AUD: Taking its cue from the broader risk environment

 
Spot
Week ahead bias Range next week 1 month target
AUD/USD
0.7510
Neutral 0.7400 - 0.7600 0.7600
  • The latest Australian jobs data was a bit of a mixed bag; while full-time employment picked up by +32.7k in April, the downward revision to last month's figure and the uptick in the unemployment rate to 5.6% are slight disappointments. We'll get an update on the RBA's latest thoughts in speeches by Governor Lowe (Wed) and Assistant Governor Bullock (Thu); one would imagine officials retaining a fairly neutral and cautious stance in light of the current domestic economic and geopolitical backdrop.
  • The standout data release in the week ahead is the 1Q construction work done report (Wed) - consensus is looking for a +1.3% QoQ bounce back after the largest quarterly decline on record in 4Q17 (-19.4%).
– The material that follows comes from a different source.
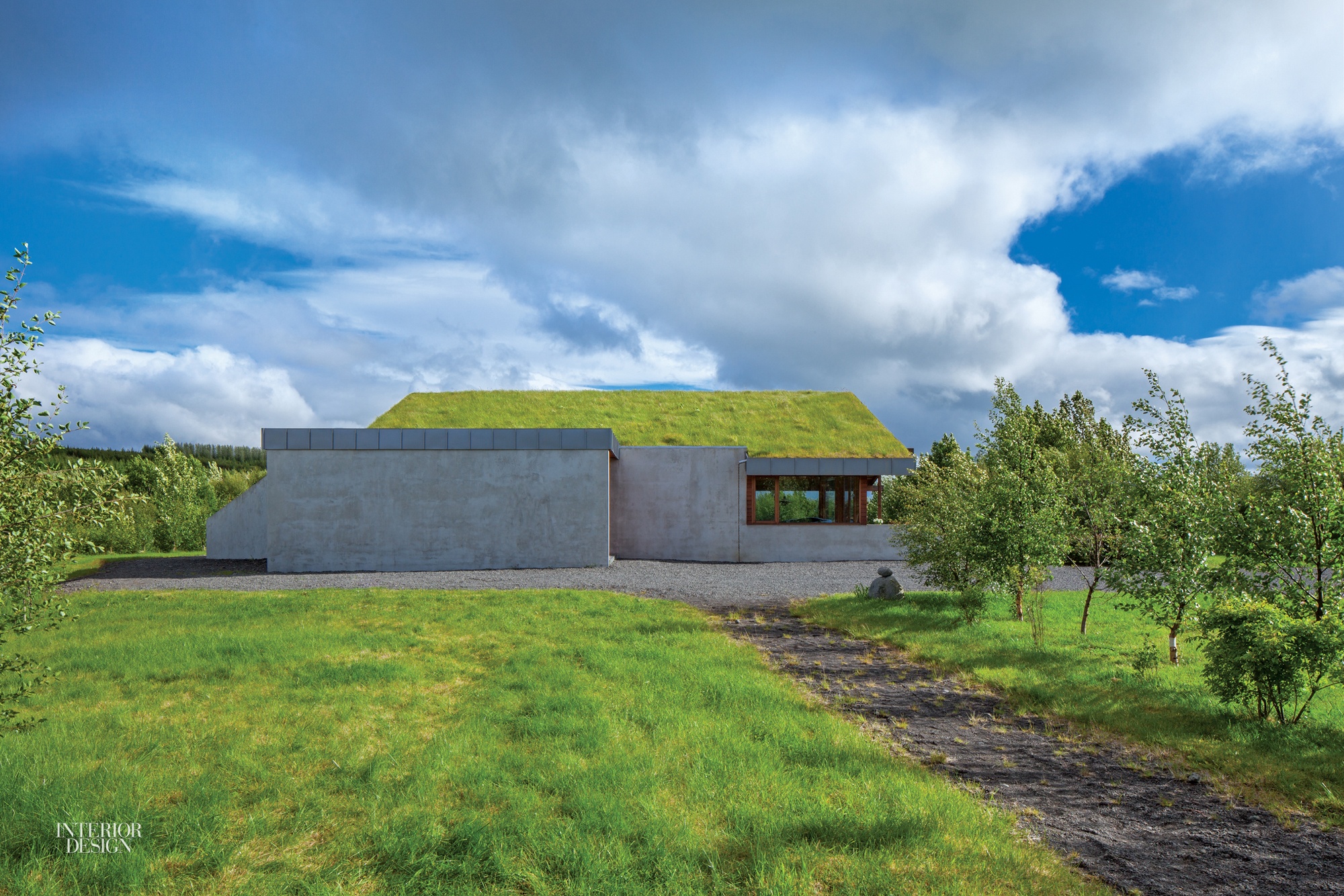The Art of Living 3 Innovative Houses Bring the Outdoors In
Broadly, AUD/USD will continue to take its cue from global risk sentiment and here we look for some consolidation in the absence of any further escalation in geopolitical and trade risks.

NZD: Cleaner positioning raises bar for further downside

 
Spot
Week ahead bias Range next week 1 month target
NZD/USD
0.6900
Neutral 0.6870 - 0.7000 0.7200
  • Just when one would've thought that it couldn't get any worse for the kiwi, the lacklustre 1Q PPI release and negative global risk environment has seen NZD/USD drop to its lowest levels since Dec 2017 (when negative sentiment around NZ politics was at its peak). Certainly, the pair is sensitive to higher US yields and we suspect this will remain the persistent theme given the greater short-run uncertainty over global growth. 
  • However, with NZD positioning slightly cleaner, we would only expect a further material decline now if (a) we see evidence that higher US rates pose downside risks to a highly leveraged NZ economy (in particular the local housing market) or (b) we see another idiosyncratic move higher in US rates (which seems unlikely now with markets all but pricing in the end of the Fed tightening cycle). The likelihood is that NZD/USD consolidates around the 0.70 handle until we get clarity on the broader global backdrop. Domestically, 1Q retail sales (Mon) and trade balance data (Wed) will be of interest. 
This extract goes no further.